Whole values: for example, if we’re thinking about points, we should denote a point somehow and write expressions that manipulate points, rather than expressions that manipulate coordinates.
Combining forms: it should be easy to compose smaller things into bigger things.
Algebra as a litmus test: notation should obey simple algebraic laws, as it implies expressiveness.
Functions as representations: modern mathematicians take this for granted, but it was once an outlandish idea. Only in the late 19th century did Frege revolutionize logic by viewing propositions as functions (see Section 9 of Begriffschrift), performing feats no earlier logician or philosopher could approach.

I bet Grassmann would agree with many remarks by computer scientists and mathematicians:

Peter Henderson: "It seems there is a positive correlation between the simplicity of the rules and the quality of the algebra as a description tool".
Edgar Dijkstra: "The virtue of formal texts is that their manipulations, in order to be legitimate, need to satisfy only a few simple rules; they are, when you come to think of it, an amazingly effective tool for ruling out all sorts of nonsense that, when we use our native tongues, are almost impossible to avoid.

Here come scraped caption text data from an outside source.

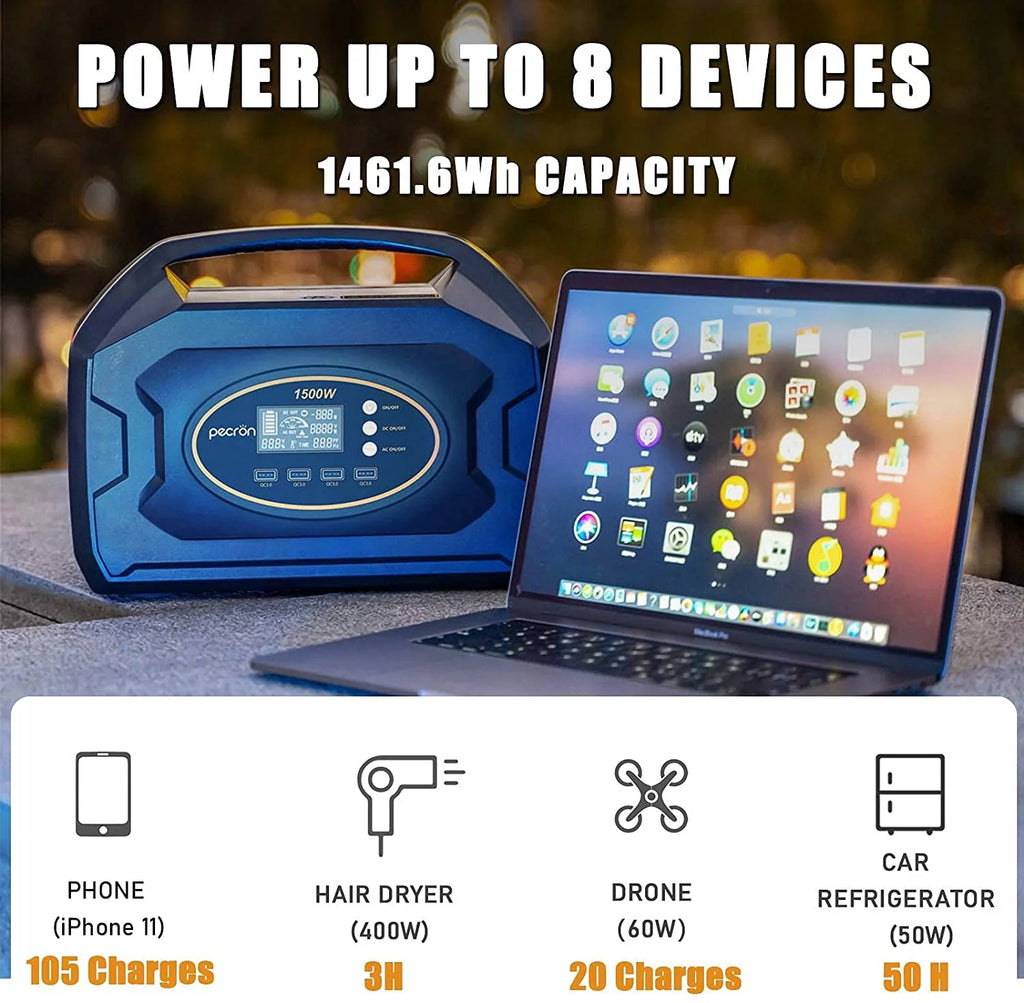 Portable Power Station 1461Wh 1500W Solar Generator for Home Emergency Outdoor Camping S33297
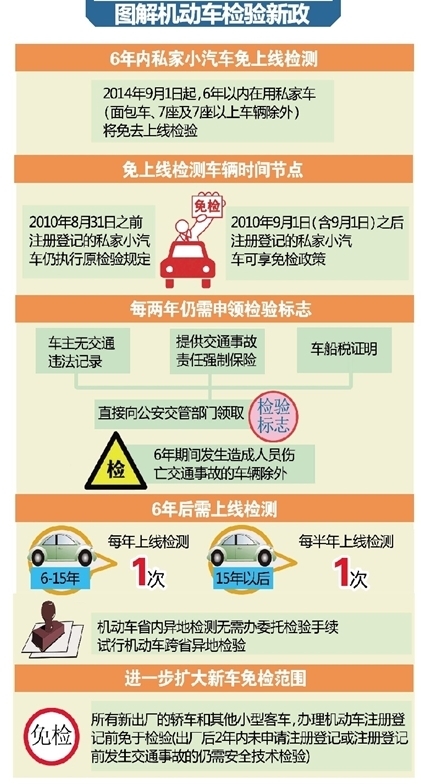 你的车是否可以享受免检政策？车检计算器隆重上线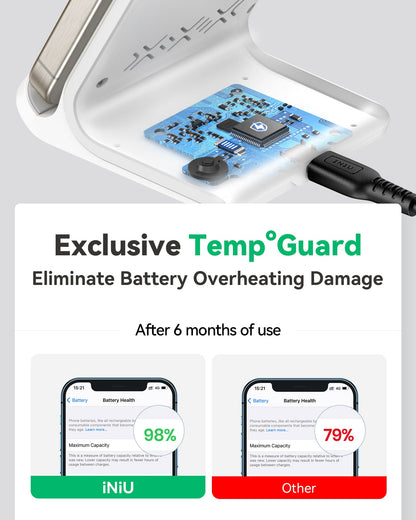 INIU I211 Wireless Charger with Temp°Guard technology protecting phone battery, showing 98% battery health after 6 months.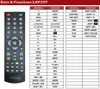 Ersatz Fernbedienung für Strong receiver SRT6205 SRT6202 Produktbild-Vorschau 2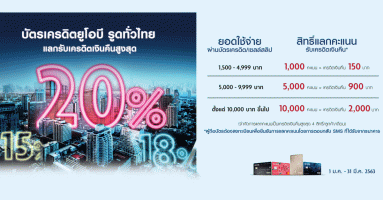 บัตรเครดิตยูโอบี รูดทั่วไทย แลกรับเครดิตเงินคืนสูงสุด 20%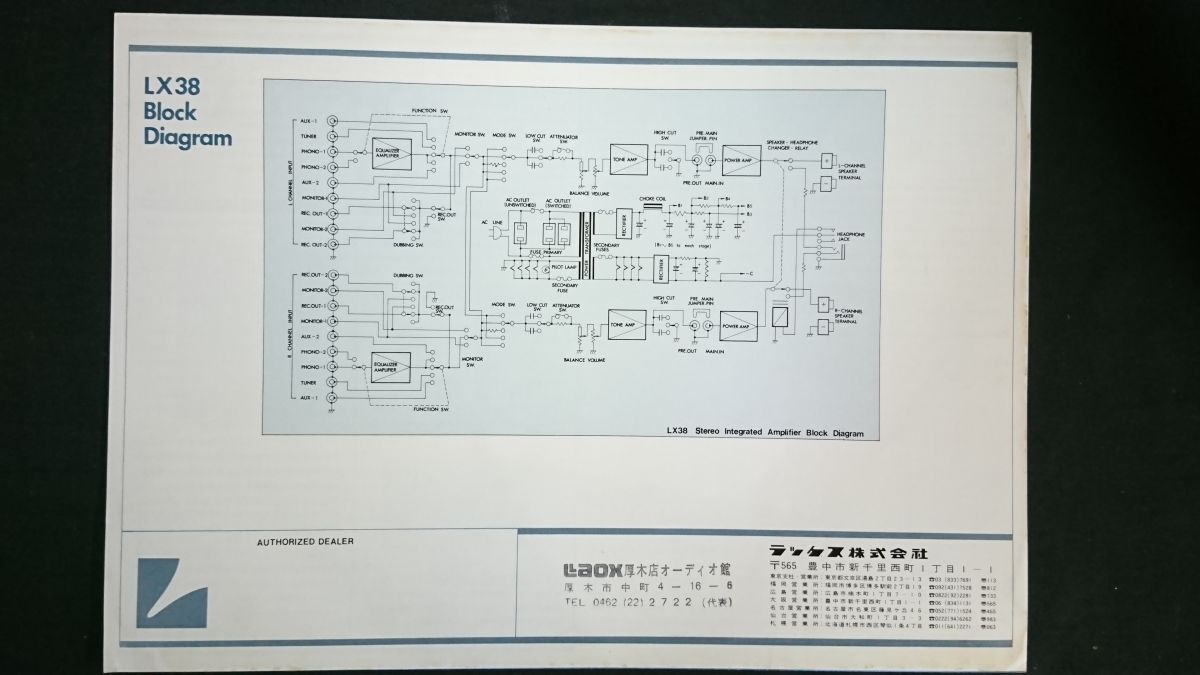 LAXMAN(ラックスマン)STEREO INTEGRATED AMPLIFIER(管球式 ステレオ インテグレーテッド アンプ) LX38 カタログ 1978年頃 ラックス株式会社_画像10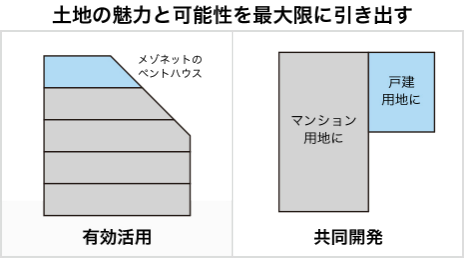 有効活用/共同開発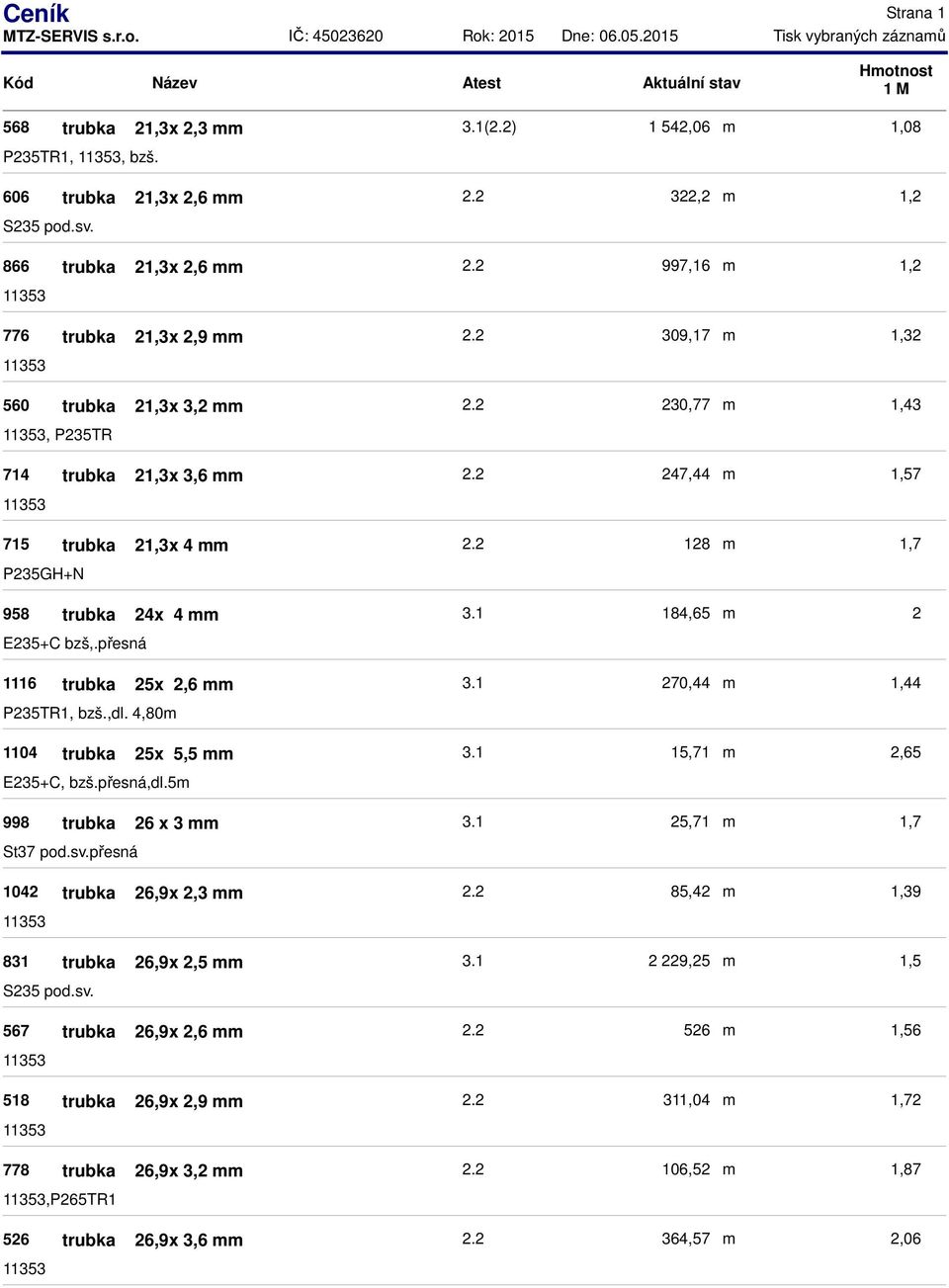 ,dl. 4,80 1104 trubka 25x 5,5 E235+C, bzš.přesná,dl.5 998 trubka 26 x 3 St37 pod.sv.přesná 1042 trubka 26,9x 2,3 831 trubka 26,9x 2,5 pod.sv. 567 trubka 26,9x 2,6 518 trubka 26,9x 2,9 778 trubka 26,9x 3,2,P265TR1 526 trubka 26,9x 3,6 3.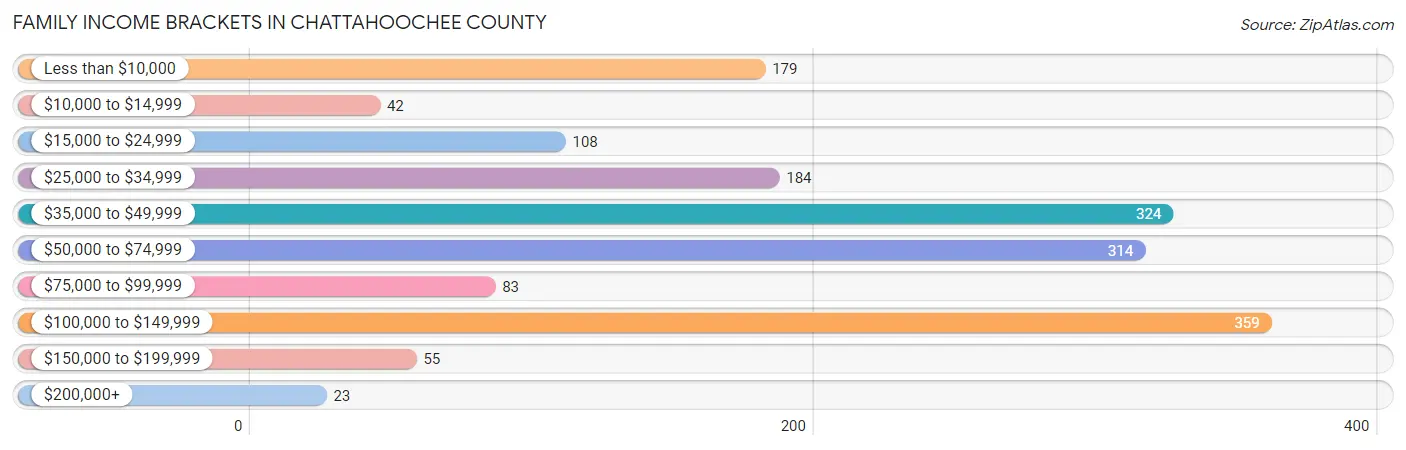 Family Income Brackets in Chattahoochee County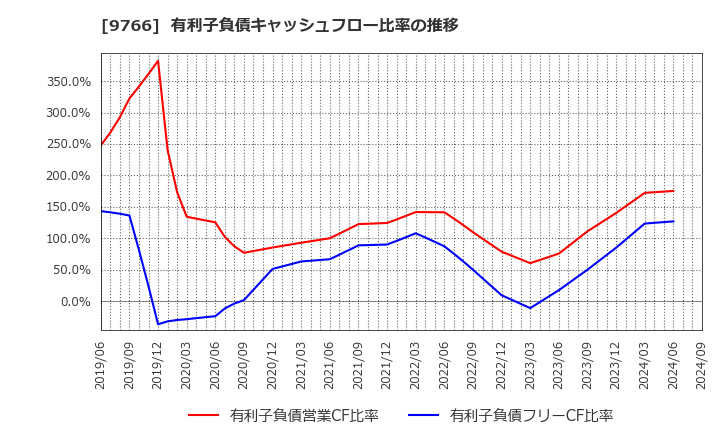 9766 コナミグループ(株): 有利子負債キャッシュフロー比率の推移
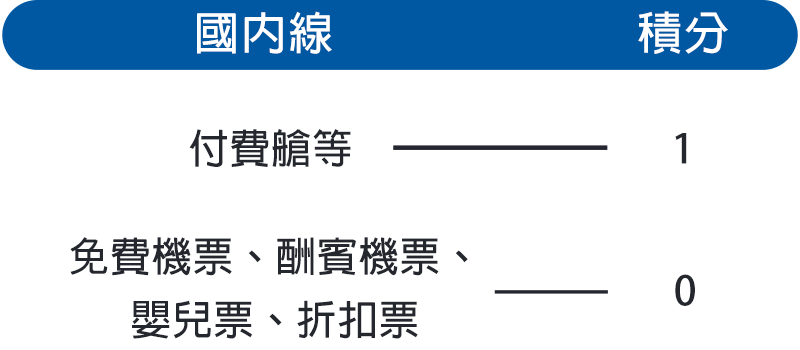國內線積分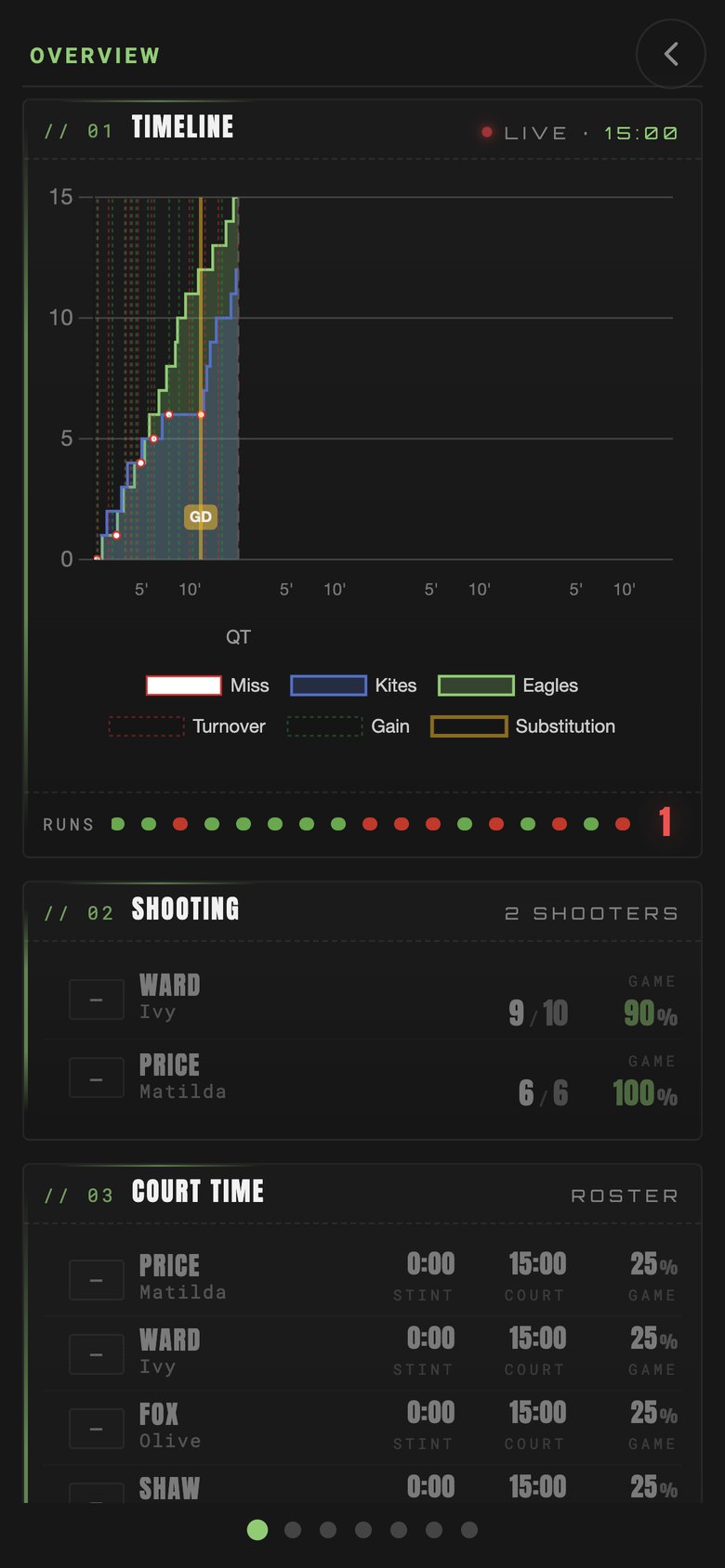 CourtSide live stats on a phone at quarter time: a score timeline with Eagles 15 and Kites 12, the shooting table, and court time.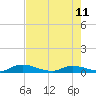 Peoria Point tide chart for Thursday, May 11, 2023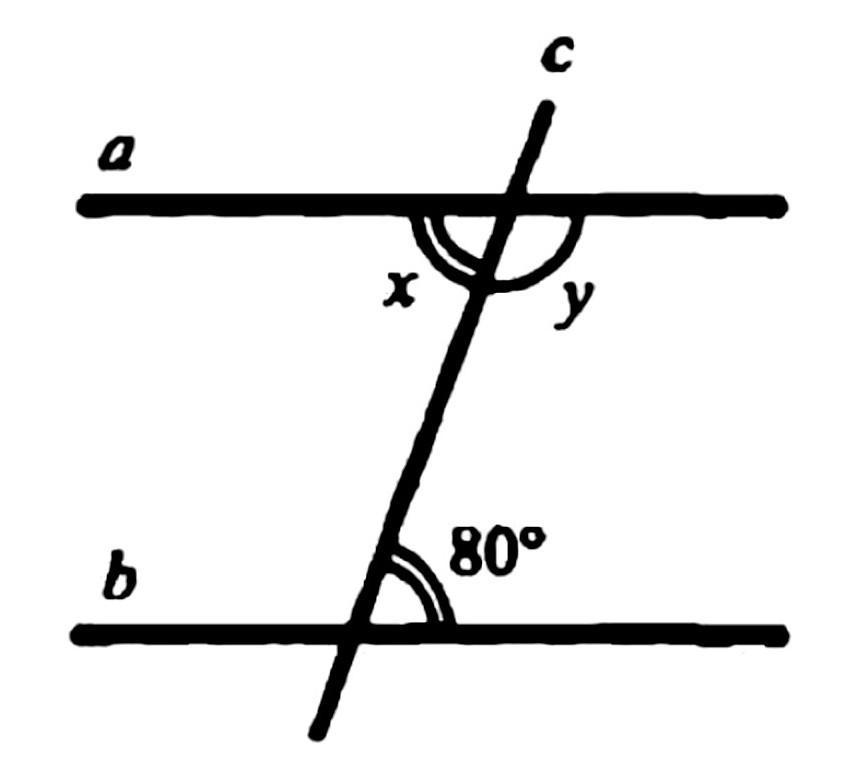 На рисунке прямой b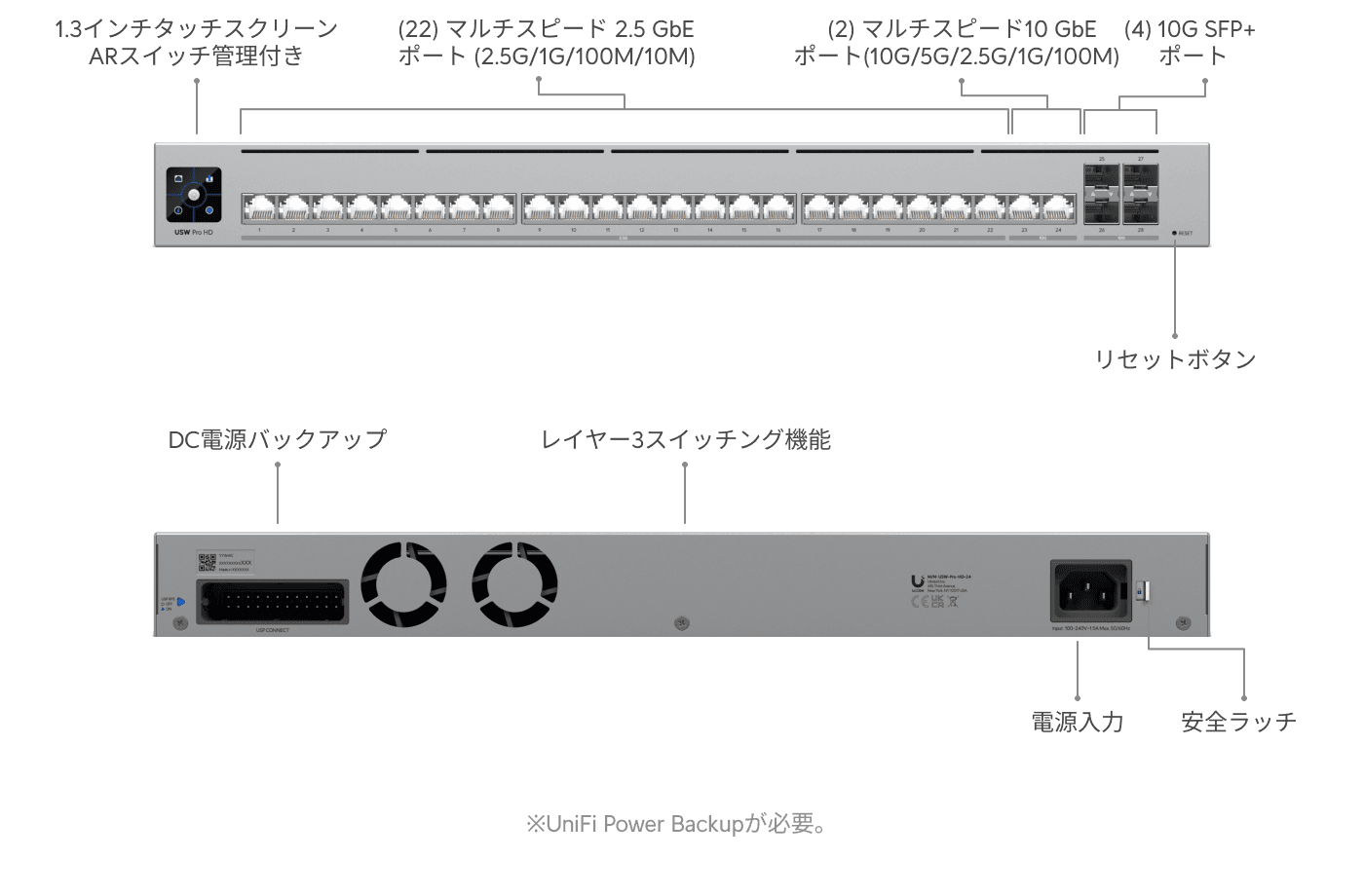 スイッチPro HD 24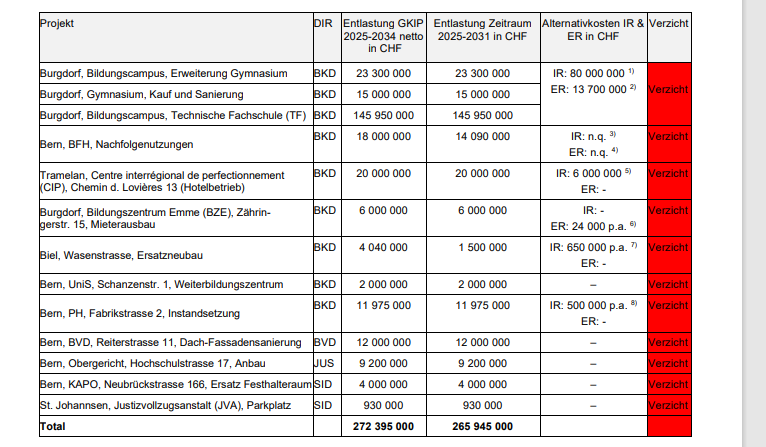 Auf diese Projekte will die Kantonsregierung verzichten.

Instead of regarding the obligation to use formal symbols as a burden, we should regard the convenience of using them as a privilege: thanks to them, school children can learn to do what in earlier days only genius could achieve."
John Backus: "…effectively use powerful combining forms for building new programs from existing ones"
Peter Landin: "Expressive power should be by design, rather than by accident!"
Alfred Whitehead: "By relieving the brain of all unnecessary work, a good notation sets it free to concentrate on more advanced problems, and, in effect, increases the mental power of the race."

On the other hand, Stephen Hawking was warned that for every equation in his book, readership would be halved, suggesting that some believe natural language beats mathematical notation. Let’s try it:

Cubum autem in duos cubos, aut quadrato-quadratum in duos quadrato-quadratos, et generaliter nullam in infinitum ultra quadratum potestatem in duos eiusdem nominis fas est dividere cuius rei demonstrationem mirabilem sane detexi. Hanc marginis exiguitas non caperet.

Is this clearer than saying \(x^n + y^n = z^n\) has no solutions in \(\mathbb{Z}^+\) for \(n \ge 3?\)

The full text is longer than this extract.